Data records ->
□ □ □ □ □ □ □

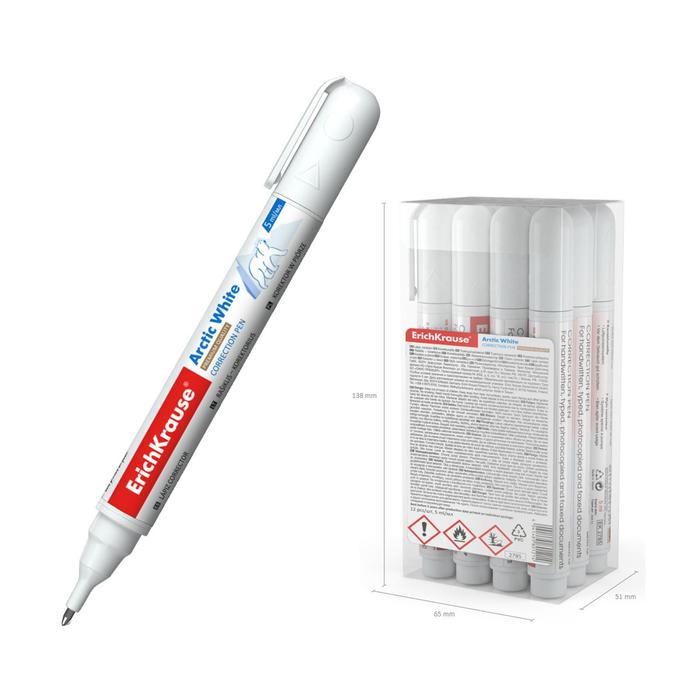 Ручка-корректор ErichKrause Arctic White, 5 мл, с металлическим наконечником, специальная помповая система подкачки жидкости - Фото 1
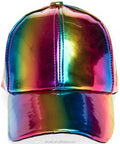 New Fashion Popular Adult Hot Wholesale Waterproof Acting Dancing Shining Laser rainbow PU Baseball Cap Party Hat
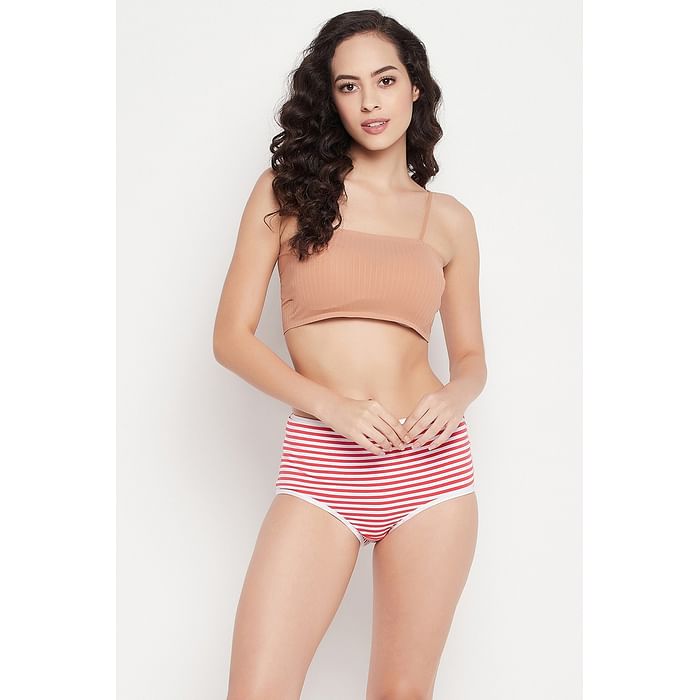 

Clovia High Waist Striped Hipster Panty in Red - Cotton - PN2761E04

□ □ □ □ □ □ □

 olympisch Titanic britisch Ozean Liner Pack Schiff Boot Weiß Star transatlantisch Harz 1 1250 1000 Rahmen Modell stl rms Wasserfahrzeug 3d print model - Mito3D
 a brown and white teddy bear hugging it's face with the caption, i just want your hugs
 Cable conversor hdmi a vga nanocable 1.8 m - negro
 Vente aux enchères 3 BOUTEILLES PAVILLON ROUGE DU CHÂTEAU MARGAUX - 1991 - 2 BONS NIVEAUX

□ □ □ □ □ □ □

Aim of the exercise -> From the line containing "Ручка-корректор ErichKrause Arctic" through the line containing "Clovia High Waist", copy every line above exactly, without pictures.

Exercise solution ->
 Ручка-корректор ErichKrause Arctic White, 5 мл, с металлическим наконечником, специальная помповая система подкачки жидкости - Фото 1
 New Fashion Popular Adult Hot Wholesale Waterproof Acting Dancing Shining Laser rainbow PU Baseball Cap Party Hat

Clovia High Waist Striped Hipster Panty in Red - Cotton - PN2761E04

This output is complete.